[DATA EXCERPTS]:
BEGIN

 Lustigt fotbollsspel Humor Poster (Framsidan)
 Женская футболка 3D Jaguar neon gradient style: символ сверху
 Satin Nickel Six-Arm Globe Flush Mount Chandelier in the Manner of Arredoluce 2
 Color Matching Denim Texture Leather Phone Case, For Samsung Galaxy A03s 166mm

END
BEGIN

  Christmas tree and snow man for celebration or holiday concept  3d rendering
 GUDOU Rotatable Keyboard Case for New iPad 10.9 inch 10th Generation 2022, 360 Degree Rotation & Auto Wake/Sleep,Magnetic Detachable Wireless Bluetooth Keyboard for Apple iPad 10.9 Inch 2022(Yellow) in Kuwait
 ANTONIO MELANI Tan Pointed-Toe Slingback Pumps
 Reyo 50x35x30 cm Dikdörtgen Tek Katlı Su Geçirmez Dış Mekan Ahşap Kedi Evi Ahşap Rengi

END
BEGIN

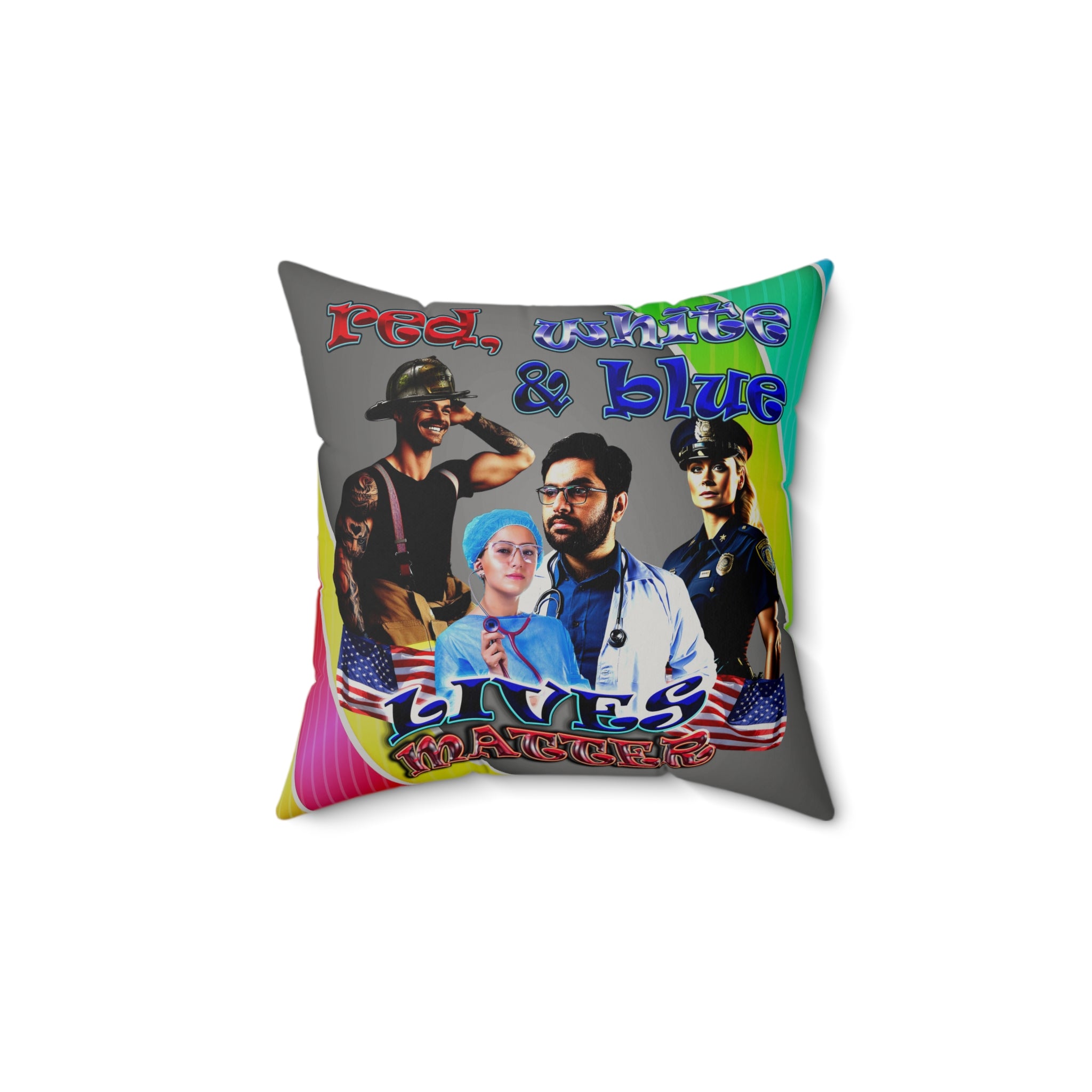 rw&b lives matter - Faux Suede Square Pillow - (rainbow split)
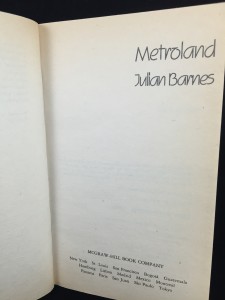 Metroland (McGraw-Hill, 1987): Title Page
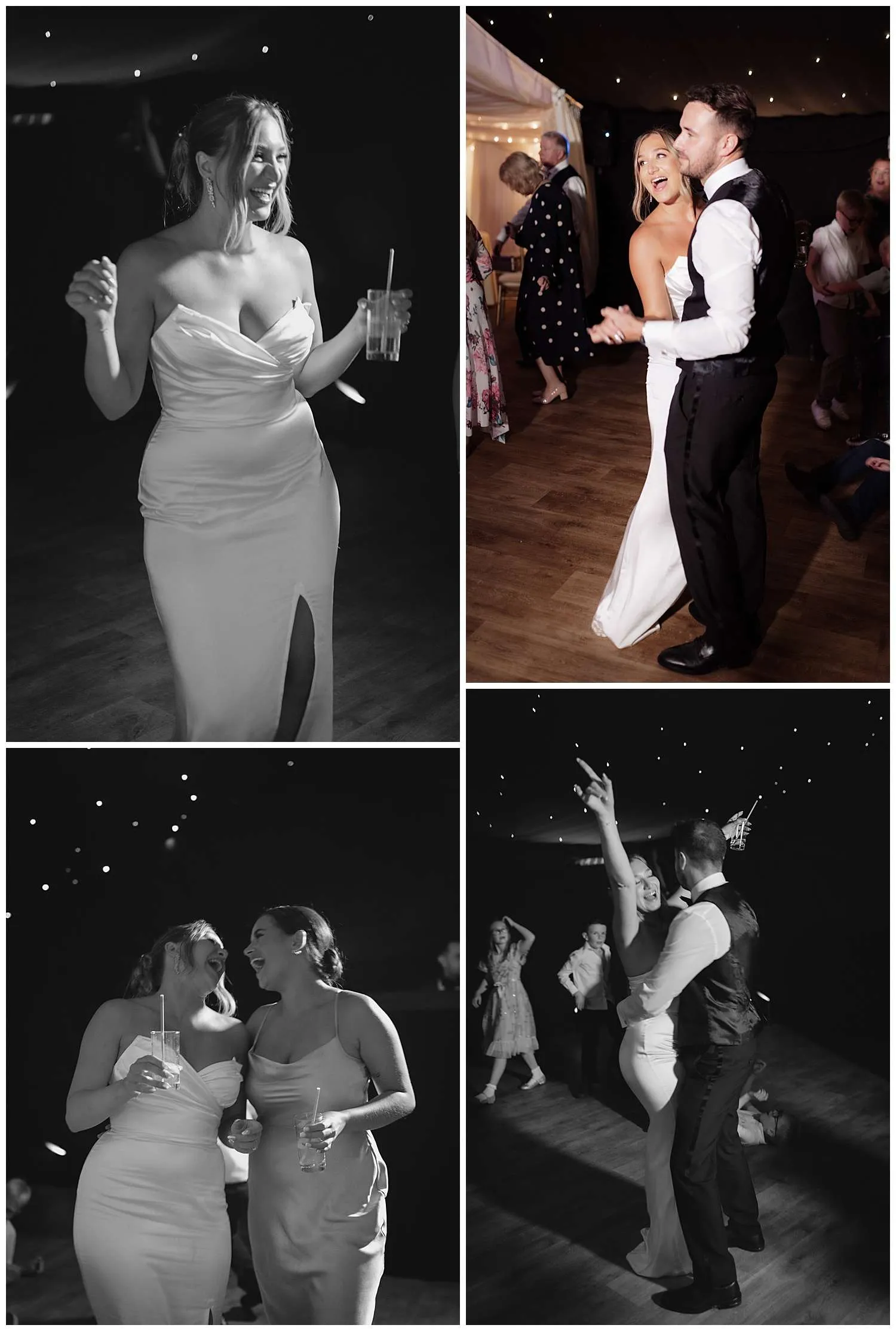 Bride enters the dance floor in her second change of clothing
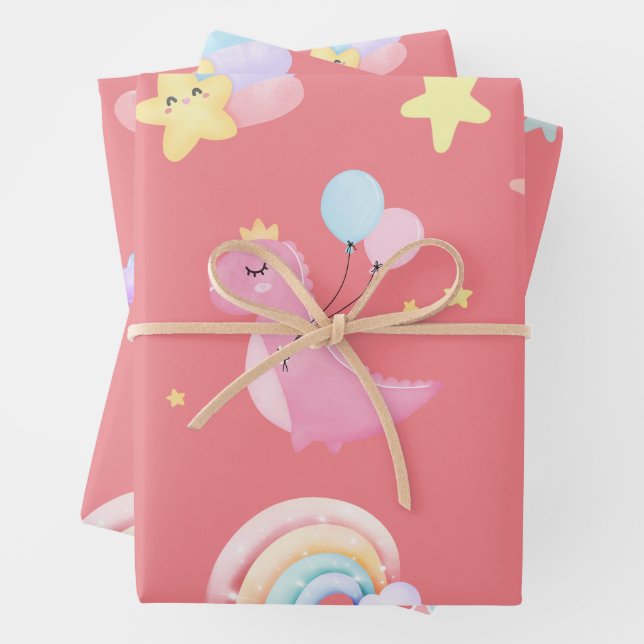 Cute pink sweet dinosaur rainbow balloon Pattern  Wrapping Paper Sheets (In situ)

END

[INSTRUCTIONS FOR THE TASK]:
Output only an exact transcription of the lines above from the one with "Satin Nickel Six-Arm" up to and including the one with "Color Matching Denim".

[ANSWER TO THIS EXERCISE]:
 Satin Nickel Six-Arm Globe Flush Mount Chandelier in the Manner of Arredoluce 2
 Color Matching Denim Texture Leather Phone Case, For Samsung Galaxy A03s 166mm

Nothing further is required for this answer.